▶ _TO DO_: Return each line of the listing exactly, though without its images.

▶ _INFORMATION SHOWN_:
######
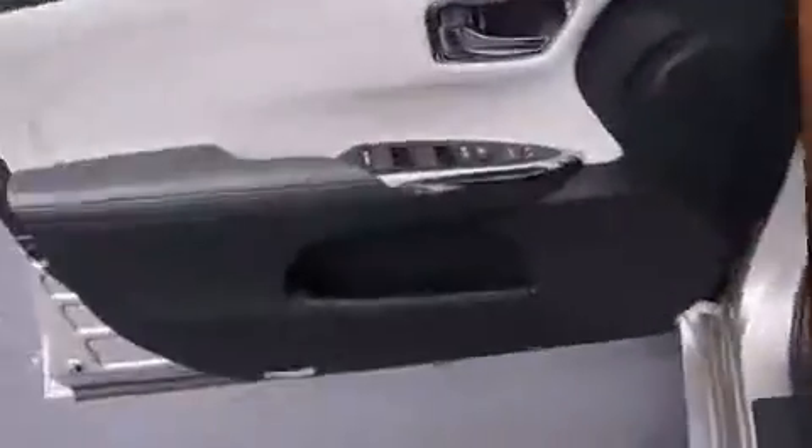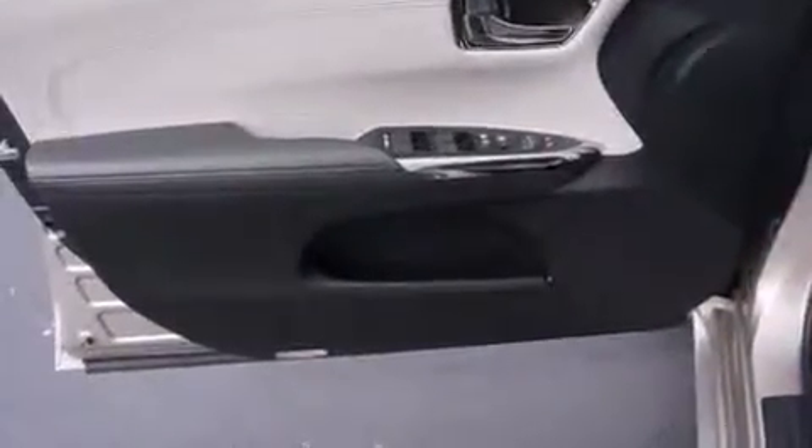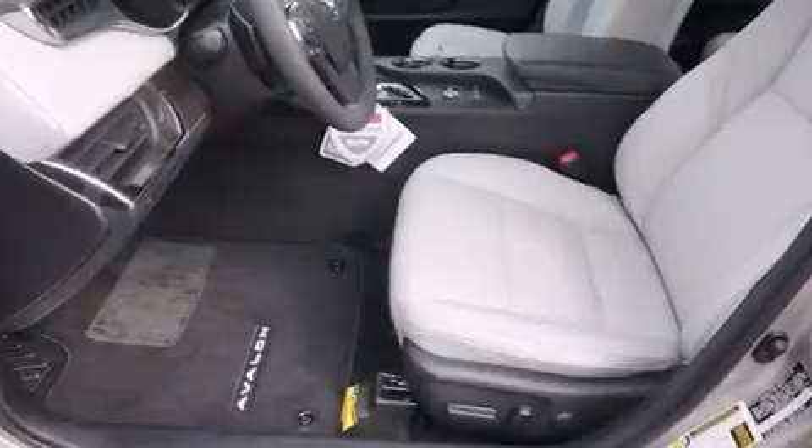Top features include leather upholstery, one-touch window functionality, a power seat, an outside temperature display, power door mirrors and heated door mirrors, and power windows.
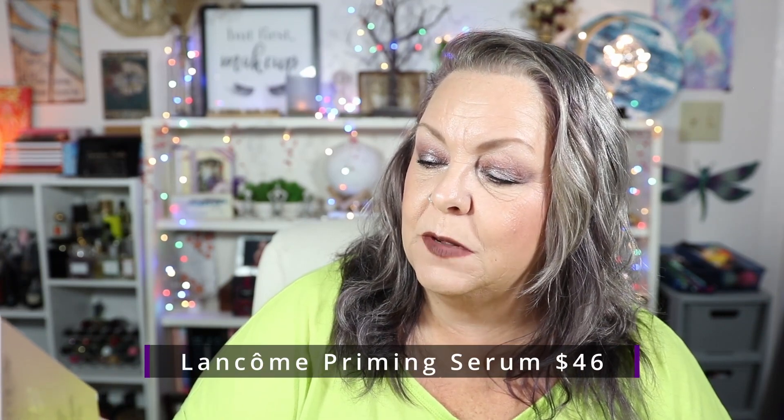These are so nice, they are very well wrapped. The products in this box were hand-picked by Lancôme's global makeup artist. Here's what the box looks like — look at all those goodies! I'm super excited, let's open them up. I will put the prices of the products down at the bottom of the screen. The first thing they sent me is this priming serum.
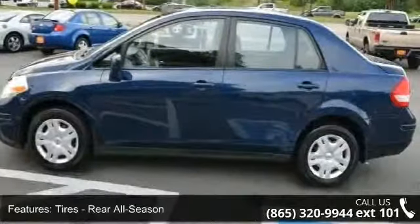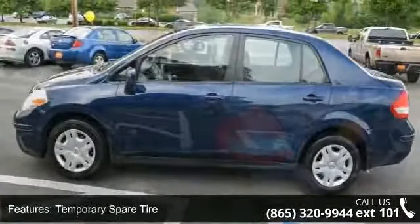Let us put you in the driver's seat today. Call or click to schedule a test drive.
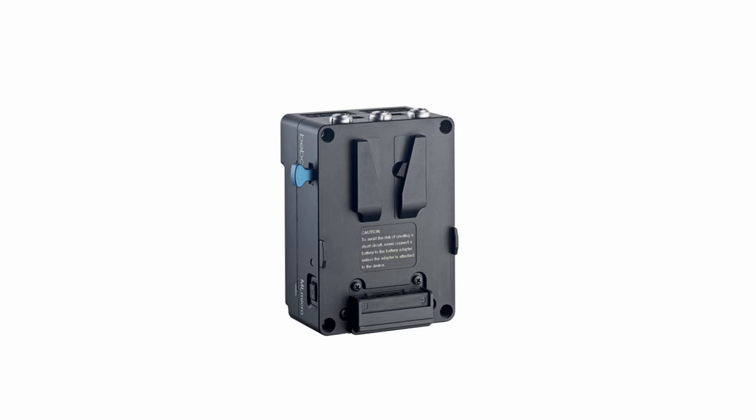Bebob showed off a battery plate that has a battery built into it. It's a battery plate like I have on my C500, but with a 45Wh battery built in — enough to power everything while you swap batteries. So if you're doing long recordings, you can basically swap batteries and not have to cut.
######
▶ _REPLY TO THE EXERCISE_:
Top features include leather upholstery, one-touch window functionality, a power seat, an outside temperature display, power door mirrors and heated door mirrors, and power windows.
These are so nice, they are very well wrapped. The products in this box were hand-picked by Lancôme's global makeup artist. Here's what the box looks like — look at all those goodies! I'm super excited, let's open them up. I will put the prices of the products down at the bottom of the screen. The first thing they sent me is this priming serum.
Let us put you in the driver's seat today. Call or click to schedule a test drive.
Bebob showed off a battery plate that has a battery built into it. It's a battery plate like I have on my C500, but with a 45Wh battery built in — enough to power everything while you swap batteries. So if you're doing long recordings, you can basically swap batteries and not have to cut.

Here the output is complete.